Stage I, Stage II, and Stage III Brake Options Explained
The standard swap (let’s call it Stage I) involves installing a 10-1/2-inch rotor, and that’s plenty for most people. The next step up (Stage II) is to use a kit to install a 12-inch 1LE Camaro rotor and a ’79–’81 Camaro caliper (also used on the Astro van). This kit typically sells for around $600, but it will widen the track a bit, so wheel selection is somewhat affected. Another step up (Stage III), involves using a 12-3/16-inch two-piece rotor and aftermarket Wilwood calipers. Superior Spindles’ version of this kit sells for around $1300, and it does not widen the track because Wilwood’s hat doesn’t use any adapters.

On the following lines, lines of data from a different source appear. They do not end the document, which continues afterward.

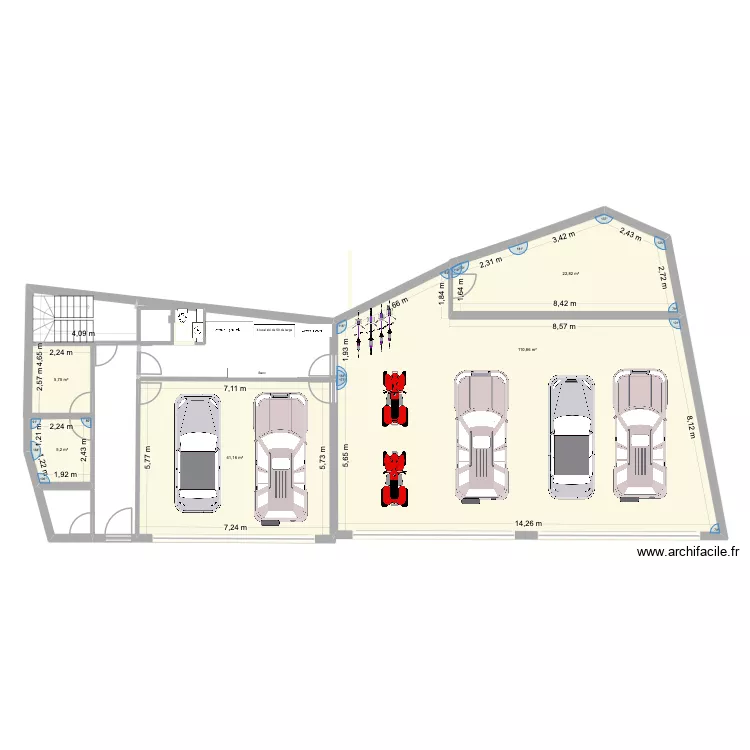 Andorre Garage. Plan de 5  et 186 m²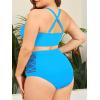 imageAmerican Trends Womens Plus Size Bikini Two Piece Swimsuits Tummy Control Bathing Suits High Waisted Bikini SwimwearBlue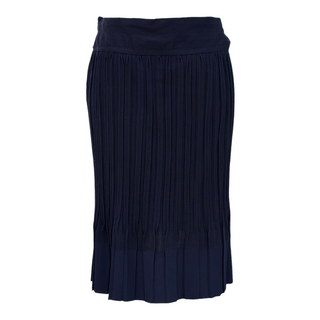 Chanel Navy Blue Pleated Midi Skirt Size 42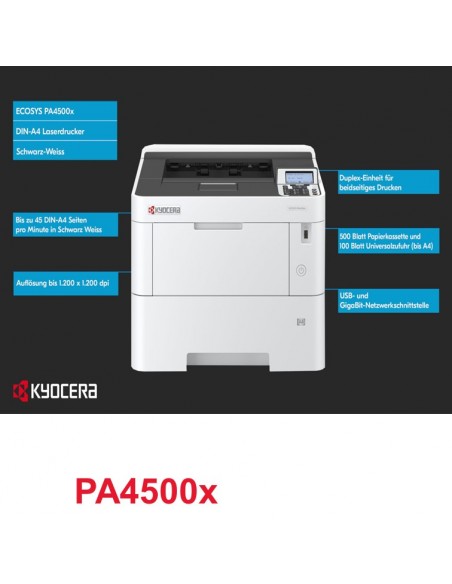 STAMPANTE KYOCERA ECOSYS PA4500x A4 45ppm DUPLEX LAN USB
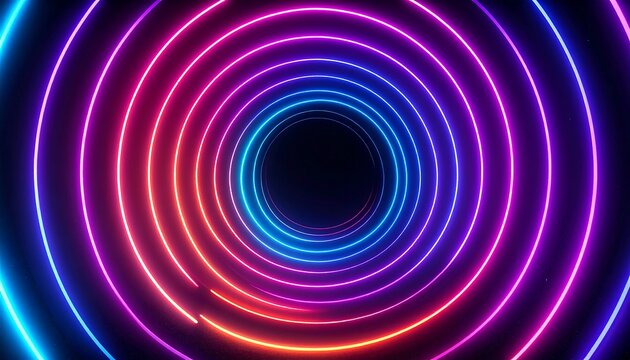 A vibrant design of concentric neon circles in a variety of bright colors, creating a dynamic and captivating visual effect.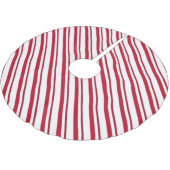 Samtbandstreifen, tiefrot und weiß polyester weihnachtsbaumdecke (Schrägansicht)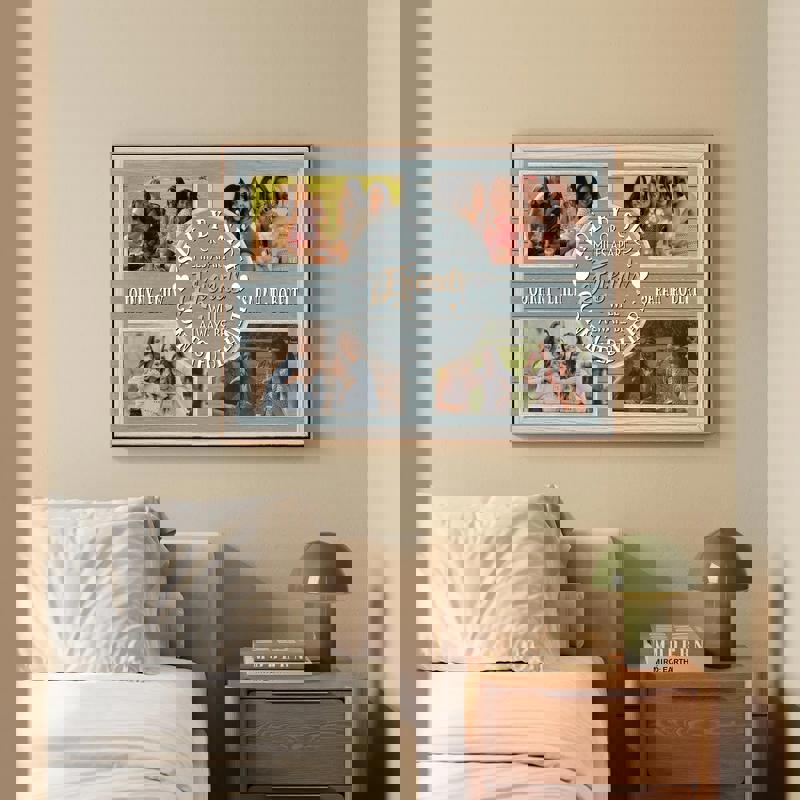 Best friends photo collage canvas print, personalized square grid, rustic farmhouse style, birthday gift for bestie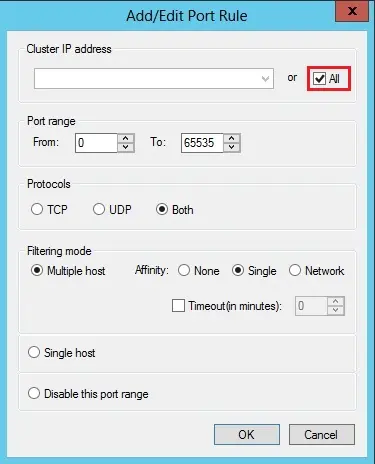 configure nlb server 2012 port rule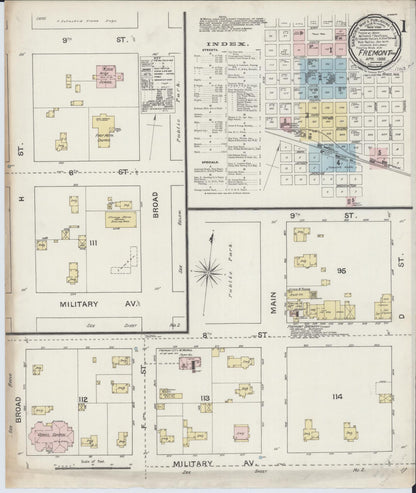 Sanborn Fire Insurance Map from Fremont, Dodge County, Nebraska (1888), Sheet #0001 - Complete Map Set gallery image, historic Sanborn map, vintage wall art, Nebraska Nebraska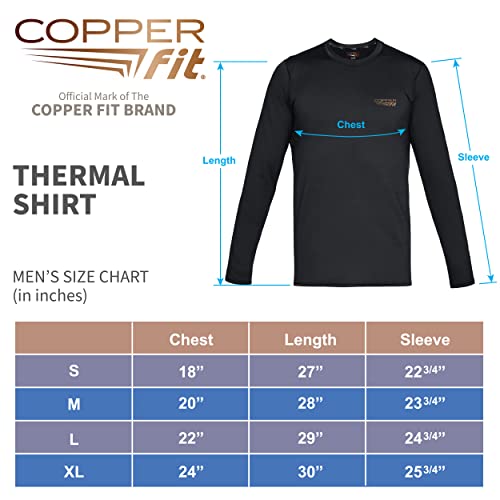 Copper Fit Standard Men's Long Sleeve Thermal Shirt, Black, X-Large #TOP2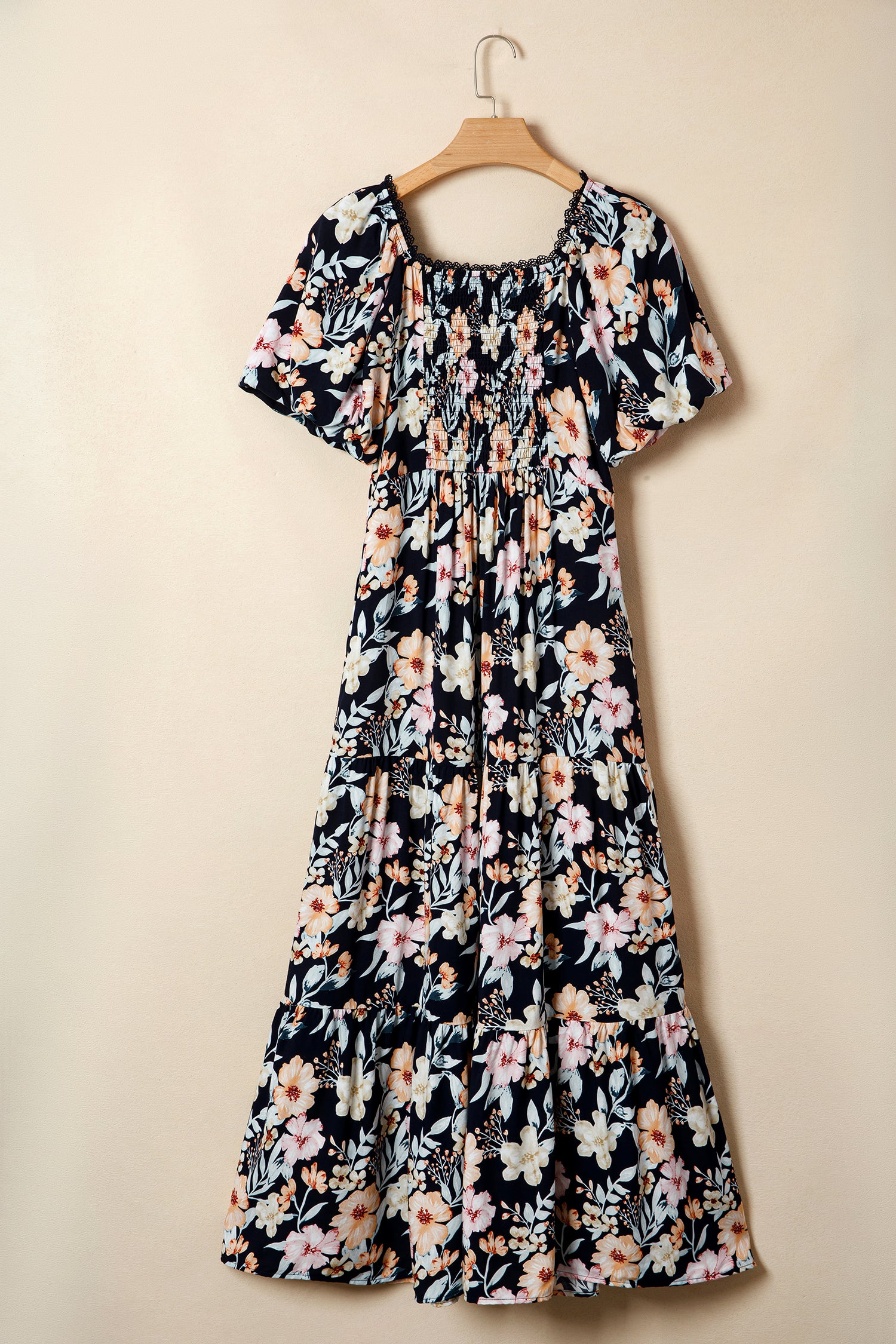 Women's Blue Floral Smocked High Waist Short Sleeve Maxi Dress at LivelyLooks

Installing Superior Spindles and Wilwood Brakes on a ’55 Bel Air
It just so happens that we knew of a shop that was about to install a Superior Spindles kit on a ’55 Chevy two-door Bel Air, so we elbowed our way into the place and set up camp with our cameras and notepads. This car already had a cheap set of drop spindles on it and a ho-hum set of 10-1/2-inch rotors, but the owner was definitely not happy. The braking performance, while better than the stock drums, was not nearly as good as he had hoped it would be, and he swore that he could feel the flimsy caliper mounts flex during braking. Whatever the reason, he wanted them off, and he brought the car to T&R Performance in Simi Valley, California, to get the work done correctly.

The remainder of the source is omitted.